Il tecnico gialloblù Cuesta annuncia i recuperi di Suzuki e Circati, analizza la crescita di Keita e avverte sulla compattezza dei sardi.

Alla vigilia della delicata sfida contro il Cagliari, il tecnico del Parma Carlos Cuesta ha fatto il punto della situazione in conferenza stampa. I temi caldi non mancano: dai rientri fondamentali in difesa e tra i pali alla gestione tattica dei singoli, l’allenatore spagnolo predica calma e concentrazione.

Come riportato da ParmaLive, una delle notizie più attese riguarda il ritorno di due pedine chiave. “A livello di disponibilità recuperiamo Circati e Suzuki, che domani sarà con noi”, ha confermato Cuesta. Tuttavia, l’ottima prova di Corvi nelle ultime uscite apre un ballottaggio interessante: “Come si può tenere fuori Corvi? Lo state dicendo voi, decideremo come sempre in base a ciò che penso sia giusto. Suzuki lo vedremo piano piano, valuteremo di partita in partita”.

L’analisi si è poi spostata sulla duttilità offensiva, con un focus particolare su Strefezza. Il tecnico ne ha lodato la versatilità: “Occupa diversi spazi e ha la capacità di incidere molto, sia in coppia che nel tridente.
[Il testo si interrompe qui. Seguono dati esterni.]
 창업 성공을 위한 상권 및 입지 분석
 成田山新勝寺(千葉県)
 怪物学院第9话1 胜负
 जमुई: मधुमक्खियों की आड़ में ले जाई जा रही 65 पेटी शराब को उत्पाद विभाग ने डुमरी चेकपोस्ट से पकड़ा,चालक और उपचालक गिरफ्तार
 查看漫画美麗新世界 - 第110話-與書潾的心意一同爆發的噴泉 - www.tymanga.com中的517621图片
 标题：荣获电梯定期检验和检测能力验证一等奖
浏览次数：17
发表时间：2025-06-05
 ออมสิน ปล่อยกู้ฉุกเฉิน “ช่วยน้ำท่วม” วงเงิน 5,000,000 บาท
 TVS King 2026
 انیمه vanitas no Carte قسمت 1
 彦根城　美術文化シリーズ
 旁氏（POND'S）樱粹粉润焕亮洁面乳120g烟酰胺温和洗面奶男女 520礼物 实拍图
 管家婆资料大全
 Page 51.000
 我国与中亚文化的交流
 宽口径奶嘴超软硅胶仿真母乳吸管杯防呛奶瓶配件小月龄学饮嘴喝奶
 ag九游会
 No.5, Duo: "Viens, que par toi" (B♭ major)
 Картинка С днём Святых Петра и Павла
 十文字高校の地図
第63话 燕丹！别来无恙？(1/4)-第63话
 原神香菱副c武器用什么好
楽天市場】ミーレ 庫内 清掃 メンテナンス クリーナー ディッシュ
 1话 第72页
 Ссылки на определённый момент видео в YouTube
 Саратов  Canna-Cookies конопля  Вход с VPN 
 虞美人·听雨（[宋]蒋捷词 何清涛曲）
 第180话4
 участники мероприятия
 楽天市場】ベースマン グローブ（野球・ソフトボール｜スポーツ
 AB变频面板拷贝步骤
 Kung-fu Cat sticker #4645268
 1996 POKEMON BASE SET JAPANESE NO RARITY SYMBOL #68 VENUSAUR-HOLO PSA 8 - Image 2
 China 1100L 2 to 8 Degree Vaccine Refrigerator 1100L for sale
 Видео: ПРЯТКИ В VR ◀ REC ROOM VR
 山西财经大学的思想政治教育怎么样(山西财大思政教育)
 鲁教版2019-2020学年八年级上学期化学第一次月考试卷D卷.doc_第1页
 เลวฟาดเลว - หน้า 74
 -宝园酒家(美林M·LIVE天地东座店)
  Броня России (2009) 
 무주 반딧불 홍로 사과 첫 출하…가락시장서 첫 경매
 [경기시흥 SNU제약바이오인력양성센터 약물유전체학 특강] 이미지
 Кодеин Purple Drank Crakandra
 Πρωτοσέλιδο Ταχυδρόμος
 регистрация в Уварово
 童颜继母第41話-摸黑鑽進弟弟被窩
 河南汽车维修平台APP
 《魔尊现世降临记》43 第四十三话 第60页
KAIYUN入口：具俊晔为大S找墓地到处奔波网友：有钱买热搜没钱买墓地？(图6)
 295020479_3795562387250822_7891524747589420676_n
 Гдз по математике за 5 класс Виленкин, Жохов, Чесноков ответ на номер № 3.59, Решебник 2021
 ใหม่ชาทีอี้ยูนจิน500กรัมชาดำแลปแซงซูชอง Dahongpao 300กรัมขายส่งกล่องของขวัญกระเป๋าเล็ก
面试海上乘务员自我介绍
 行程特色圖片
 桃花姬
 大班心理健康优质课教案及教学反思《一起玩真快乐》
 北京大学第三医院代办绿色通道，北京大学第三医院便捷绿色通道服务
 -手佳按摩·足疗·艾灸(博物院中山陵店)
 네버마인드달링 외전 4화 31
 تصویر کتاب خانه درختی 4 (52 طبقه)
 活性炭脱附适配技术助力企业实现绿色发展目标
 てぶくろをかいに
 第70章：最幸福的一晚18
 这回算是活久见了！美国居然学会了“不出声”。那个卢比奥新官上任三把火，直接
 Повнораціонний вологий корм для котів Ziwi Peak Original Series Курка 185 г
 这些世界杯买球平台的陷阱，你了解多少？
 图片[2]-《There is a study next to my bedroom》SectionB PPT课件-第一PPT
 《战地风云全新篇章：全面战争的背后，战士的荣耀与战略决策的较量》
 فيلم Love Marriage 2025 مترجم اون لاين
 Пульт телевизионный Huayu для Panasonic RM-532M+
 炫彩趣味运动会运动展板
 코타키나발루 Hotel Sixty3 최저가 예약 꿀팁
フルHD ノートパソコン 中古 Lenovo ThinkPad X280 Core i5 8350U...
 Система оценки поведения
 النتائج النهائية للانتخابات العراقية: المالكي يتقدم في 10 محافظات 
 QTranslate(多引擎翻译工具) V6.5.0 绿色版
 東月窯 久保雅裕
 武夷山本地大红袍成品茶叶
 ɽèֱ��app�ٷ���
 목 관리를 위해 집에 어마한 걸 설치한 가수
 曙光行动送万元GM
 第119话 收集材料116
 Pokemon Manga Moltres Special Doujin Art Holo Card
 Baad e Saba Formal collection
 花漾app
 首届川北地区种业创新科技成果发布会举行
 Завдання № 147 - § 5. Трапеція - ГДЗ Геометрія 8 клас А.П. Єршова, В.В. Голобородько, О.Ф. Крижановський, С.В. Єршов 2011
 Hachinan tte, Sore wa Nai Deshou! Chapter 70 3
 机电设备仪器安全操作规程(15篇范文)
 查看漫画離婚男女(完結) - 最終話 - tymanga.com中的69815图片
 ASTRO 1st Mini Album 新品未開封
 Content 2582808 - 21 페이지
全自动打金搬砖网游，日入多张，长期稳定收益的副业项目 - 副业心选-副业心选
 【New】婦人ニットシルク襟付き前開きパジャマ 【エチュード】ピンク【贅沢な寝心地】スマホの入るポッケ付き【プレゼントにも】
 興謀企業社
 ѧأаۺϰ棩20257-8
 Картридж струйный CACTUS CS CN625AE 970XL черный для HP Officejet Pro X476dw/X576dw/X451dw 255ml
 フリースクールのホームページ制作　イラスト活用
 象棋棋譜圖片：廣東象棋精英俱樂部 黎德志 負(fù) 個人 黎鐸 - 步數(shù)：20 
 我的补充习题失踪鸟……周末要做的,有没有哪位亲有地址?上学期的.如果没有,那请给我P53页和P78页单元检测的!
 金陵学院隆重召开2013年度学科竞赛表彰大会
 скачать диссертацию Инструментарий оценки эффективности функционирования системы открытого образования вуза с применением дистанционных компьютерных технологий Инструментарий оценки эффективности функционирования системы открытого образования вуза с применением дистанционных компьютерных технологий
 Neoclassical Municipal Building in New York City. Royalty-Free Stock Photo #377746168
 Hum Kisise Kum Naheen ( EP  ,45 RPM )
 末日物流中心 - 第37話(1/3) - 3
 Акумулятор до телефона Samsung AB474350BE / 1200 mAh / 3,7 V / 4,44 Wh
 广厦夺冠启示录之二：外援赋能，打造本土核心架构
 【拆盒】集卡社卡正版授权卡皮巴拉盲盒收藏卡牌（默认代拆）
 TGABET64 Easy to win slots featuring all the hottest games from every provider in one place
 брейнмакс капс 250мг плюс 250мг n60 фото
Ci aiuta a creare un impatto positivo”. Meno fluida la situazione di Frigan, ancora alle prese con un recupero non del tutto completato: “È in un percorso individualizzato, si sta reintegrando ma deve ancora lavorare”.

Cuesta ha risposto anche alle domande sui movimenti offensivi di Pellegrino, spesso visto sul secondo palo nonostante i cross arrivino sul primo: “Dipende dalla zona del cross e da come si schiera l’avversario. A volte deve attaccare il primo palo, altre il secondo. La probabilità di segnare aumenta se entri in area con il timing giusto; è un aspetto su cui lavoriamo costantemente”.

In mezzo al campo, la crescita di Keita e l’inserimento di Nicolussi Caviglia offrono nuove soluzioni: “Fa tutto parte di un processo, Keita è cresciuto tanto”, ha commentato sbrigativo il mister. Nonostante i diffidati in difesa, Cuesta non appare preoccupato dall’abbondanza: “Scegliere è difficile quando tutti si allenano bene. Non conta solo chi inizia: i ragazzi sanno che ogni minuto è fondamentale per l’energia del gruppo”.

Infine, un pensiero sull’avversario. Il Cagliari è una squadra che Cuesta rispetta profondamente: “Sono molto compatti e si sono evoluti molto, complimenti a loro. Noi dovremo capire i momenti della gara e approfittare delle opportunità. Dopo domenica abbiamo analizzato sia i punti di forza che quelli da migliorare. La consapevolezza di dover fare punti è alta: tutto dipenderà dalla nostra prestazione”.